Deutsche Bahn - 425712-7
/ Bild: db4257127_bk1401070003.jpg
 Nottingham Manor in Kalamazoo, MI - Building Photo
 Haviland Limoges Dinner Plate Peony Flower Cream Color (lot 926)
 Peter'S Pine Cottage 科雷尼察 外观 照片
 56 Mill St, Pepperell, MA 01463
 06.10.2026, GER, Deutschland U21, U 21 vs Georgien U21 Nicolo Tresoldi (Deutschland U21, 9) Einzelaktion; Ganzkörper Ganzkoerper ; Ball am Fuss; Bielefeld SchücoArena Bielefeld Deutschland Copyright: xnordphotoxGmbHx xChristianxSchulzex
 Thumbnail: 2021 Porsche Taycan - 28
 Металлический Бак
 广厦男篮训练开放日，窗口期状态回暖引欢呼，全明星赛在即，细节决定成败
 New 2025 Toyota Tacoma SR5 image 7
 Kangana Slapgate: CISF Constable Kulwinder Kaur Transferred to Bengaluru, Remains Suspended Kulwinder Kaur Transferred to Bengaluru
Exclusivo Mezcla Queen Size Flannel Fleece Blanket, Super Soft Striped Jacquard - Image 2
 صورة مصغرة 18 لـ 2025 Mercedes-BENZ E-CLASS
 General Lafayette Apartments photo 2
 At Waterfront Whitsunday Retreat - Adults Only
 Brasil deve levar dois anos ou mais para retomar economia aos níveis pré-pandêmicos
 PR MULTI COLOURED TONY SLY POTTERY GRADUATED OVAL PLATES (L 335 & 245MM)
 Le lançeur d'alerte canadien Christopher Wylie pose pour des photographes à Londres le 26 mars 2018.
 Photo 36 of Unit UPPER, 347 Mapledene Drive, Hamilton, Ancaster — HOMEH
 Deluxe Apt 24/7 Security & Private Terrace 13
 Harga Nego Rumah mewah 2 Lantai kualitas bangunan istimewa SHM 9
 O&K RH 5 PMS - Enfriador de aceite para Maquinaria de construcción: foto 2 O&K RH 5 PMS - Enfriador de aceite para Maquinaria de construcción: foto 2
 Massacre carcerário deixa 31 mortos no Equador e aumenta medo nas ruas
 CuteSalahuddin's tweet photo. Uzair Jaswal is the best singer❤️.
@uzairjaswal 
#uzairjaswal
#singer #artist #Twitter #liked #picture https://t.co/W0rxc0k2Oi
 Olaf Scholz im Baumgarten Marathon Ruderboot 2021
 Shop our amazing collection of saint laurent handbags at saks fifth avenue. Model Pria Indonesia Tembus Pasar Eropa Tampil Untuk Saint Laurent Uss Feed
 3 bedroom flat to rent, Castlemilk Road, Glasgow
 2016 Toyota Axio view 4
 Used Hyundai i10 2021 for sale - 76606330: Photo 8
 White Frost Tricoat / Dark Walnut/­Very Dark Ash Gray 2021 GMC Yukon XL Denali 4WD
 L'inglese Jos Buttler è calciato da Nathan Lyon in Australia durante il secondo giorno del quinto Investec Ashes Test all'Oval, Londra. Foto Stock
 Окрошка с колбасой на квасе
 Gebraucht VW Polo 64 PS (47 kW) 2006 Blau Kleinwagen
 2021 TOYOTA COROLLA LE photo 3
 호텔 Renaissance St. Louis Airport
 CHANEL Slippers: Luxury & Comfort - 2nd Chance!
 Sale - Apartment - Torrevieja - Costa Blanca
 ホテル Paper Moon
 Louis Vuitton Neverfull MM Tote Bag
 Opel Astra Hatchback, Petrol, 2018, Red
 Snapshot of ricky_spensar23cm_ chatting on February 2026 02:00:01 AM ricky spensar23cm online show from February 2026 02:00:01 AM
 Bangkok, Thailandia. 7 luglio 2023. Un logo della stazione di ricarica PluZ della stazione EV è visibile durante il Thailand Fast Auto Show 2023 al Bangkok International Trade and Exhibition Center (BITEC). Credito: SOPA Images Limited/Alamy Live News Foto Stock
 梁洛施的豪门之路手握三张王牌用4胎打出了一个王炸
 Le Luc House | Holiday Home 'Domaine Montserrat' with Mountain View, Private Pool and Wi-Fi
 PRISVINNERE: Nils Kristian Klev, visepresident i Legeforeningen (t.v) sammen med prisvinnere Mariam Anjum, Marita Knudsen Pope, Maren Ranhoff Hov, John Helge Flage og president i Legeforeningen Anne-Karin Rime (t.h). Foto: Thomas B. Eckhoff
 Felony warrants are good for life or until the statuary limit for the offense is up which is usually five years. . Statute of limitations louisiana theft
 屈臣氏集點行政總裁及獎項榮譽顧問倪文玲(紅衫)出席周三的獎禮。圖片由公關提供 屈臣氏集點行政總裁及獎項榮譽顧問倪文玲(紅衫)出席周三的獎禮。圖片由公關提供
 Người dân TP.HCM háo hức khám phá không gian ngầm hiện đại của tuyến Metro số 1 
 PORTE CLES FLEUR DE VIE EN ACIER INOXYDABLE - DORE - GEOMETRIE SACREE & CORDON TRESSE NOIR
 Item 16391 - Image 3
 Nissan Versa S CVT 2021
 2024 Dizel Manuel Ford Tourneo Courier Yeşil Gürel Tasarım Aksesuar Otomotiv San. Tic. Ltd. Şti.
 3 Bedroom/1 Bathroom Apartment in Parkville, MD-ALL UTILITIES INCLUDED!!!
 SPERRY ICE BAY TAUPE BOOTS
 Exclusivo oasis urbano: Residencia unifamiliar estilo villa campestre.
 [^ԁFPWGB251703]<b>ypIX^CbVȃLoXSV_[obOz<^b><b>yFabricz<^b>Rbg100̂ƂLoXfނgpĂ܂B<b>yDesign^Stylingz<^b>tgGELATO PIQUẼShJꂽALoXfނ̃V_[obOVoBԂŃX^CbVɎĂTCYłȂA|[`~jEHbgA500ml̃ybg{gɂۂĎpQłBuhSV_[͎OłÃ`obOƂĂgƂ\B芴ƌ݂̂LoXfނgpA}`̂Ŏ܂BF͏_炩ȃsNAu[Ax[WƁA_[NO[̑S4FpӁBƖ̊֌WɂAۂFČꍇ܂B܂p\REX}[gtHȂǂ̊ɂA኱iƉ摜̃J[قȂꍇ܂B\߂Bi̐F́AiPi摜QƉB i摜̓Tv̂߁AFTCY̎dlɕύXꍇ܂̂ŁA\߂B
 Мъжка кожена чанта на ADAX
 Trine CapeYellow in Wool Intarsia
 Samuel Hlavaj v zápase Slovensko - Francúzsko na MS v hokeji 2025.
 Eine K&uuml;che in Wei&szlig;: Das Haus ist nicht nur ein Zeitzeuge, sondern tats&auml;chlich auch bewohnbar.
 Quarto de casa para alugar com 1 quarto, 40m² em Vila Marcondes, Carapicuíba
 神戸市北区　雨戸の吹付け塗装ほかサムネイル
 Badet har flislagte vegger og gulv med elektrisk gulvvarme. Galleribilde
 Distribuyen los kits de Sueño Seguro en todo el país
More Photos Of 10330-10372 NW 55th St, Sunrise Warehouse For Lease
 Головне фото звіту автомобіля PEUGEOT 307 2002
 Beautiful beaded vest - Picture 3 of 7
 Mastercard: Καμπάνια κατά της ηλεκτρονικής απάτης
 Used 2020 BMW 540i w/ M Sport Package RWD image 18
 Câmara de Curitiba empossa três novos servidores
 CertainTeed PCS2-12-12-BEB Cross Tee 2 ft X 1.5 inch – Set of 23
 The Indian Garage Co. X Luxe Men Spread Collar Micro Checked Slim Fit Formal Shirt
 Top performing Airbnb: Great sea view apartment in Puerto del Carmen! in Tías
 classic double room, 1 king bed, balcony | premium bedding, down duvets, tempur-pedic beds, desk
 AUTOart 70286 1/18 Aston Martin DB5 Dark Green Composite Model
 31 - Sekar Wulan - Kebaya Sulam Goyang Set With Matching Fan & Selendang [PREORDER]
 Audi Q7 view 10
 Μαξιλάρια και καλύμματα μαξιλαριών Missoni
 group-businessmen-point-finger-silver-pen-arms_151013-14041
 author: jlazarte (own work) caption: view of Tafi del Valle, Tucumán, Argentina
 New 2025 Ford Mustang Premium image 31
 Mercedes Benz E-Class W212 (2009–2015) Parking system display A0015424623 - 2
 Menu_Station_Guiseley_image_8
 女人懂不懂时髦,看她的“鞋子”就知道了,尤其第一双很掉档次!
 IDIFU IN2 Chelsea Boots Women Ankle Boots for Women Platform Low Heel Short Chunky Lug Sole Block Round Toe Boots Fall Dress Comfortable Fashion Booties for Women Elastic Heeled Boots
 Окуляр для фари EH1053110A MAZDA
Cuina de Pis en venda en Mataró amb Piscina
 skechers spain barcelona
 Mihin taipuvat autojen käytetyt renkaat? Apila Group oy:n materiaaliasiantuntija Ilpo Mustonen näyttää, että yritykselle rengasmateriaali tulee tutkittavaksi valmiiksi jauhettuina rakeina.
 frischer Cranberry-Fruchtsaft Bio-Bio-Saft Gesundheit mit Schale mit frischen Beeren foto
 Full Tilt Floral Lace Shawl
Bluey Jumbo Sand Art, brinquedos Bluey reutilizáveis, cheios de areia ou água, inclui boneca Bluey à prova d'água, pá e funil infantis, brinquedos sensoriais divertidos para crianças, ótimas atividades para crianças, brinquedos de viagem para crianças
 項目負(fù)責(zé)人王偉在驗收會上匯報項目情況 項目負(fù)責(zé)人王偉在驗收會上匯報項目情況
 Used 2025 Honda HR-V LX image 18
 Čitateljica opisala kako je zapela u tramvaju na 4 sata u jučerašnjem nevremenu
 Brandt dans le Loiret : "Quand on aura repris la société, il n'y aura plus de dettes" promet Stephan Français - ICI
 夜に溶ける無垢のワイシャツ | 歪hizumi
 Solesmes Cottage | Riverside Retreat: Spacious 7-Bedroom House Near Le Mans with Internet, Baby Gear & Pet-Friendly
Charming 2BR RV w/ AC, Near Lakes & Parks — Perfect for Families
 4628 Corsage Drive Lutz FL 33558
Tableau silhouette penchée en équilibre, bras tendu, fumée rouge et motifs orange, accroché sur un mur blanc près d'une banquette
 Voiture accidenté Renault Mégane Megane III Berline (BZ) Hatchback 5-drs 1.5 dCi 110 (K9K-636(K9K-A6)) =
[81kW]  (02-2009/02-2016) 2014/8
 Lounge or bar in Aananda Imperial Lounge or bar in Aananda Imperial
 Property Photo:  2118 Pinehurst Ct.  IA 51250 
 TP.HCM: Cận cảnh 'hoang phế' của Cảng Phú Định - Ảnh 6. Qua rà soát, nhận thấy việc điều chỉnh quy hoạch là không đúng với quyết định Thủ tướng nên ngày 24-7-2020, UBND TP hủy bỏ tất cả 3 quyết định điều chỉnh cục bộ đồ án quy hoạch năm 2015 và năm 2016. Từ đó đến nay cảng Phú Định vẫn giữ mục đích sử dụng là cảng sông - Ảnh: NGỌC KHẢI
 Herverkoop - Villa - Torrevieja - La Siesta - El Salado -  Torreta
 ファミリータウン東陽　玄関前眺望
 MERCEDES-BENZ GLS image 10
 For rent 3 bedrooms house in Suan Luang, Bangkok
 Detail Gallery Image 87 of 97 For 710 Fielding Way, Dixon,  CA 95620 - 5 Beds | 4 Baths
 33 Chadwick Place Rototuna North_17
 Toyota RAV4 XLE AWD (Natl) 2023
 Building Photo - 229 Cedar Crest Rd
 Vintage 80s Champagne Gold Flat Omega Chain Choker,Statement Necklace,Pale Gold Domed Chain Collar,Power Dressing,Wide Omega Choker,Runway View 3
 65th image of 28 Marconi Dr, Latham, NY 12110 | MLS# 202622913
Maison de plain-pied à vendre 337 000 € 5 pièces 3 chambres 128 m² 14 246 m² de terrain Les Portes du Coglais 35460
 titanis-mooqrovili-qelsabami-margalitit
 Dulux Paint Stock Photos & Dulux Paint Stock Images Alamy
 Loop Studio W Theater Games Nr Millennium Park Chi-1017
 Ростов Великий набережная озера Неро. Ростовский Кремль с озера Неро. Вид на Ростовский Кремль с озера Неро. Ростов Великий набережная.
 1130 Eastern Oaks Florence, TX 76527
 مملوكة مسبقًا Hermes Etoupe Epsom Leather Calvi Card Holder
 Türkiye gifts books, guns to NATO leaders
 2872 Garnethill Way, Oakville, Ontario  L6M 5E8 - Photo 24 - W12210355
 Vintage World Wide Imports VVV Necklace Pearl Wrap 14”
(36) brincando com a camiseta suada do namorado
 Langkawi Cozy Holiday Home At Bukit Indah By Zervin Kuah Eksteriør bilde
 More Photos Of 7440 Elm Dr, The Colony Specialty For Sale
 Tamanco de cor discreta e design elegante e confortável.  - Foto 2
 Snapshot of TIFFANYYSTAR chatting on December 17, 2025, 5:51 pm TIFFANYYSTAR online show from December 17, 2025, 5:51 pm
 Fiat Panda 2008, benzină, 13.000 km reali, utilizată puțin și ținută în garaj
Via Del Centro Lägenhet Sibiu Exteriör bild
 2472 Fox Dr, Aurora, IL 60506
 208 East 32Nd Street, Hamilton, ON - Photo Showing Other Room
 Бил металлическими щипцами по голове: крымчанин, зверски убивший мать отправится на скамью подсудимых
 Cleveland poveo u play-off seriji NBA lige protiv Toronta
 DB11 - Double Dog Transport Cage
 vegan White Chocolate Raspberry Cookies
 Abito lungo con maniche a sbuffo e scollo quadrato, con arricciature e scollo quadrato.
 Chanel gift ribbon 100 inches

### WHAT YOU ARE ASKED TO DO
Keeping every character as it is, restate the lines above that run from the line with "Cuina de Pis en venda en Mataró amb Piscina" through the line with "Full Tilt Floral Lace Shawl", both included, and nothing else.

### SOLUTION
Cuina de Pis en venda en Mataró amb Piscina
 skechers spain barcelona
 Mihin taipuvat autojen käytetyt renkaat? Apila Group oy:n materiaaliasiantuntija Ilpo Mustonen näyttää, että yritykselle rengasmateriaali tulee tutkittavaksi valmiiksi jauhettuina rakeina.
 frischer Cranberry-Fruchtsaft Bio-Bio-Saft Gesundheit mit Schale mit frischen Beeren foto
 Full Tilt Floral Lace Shawl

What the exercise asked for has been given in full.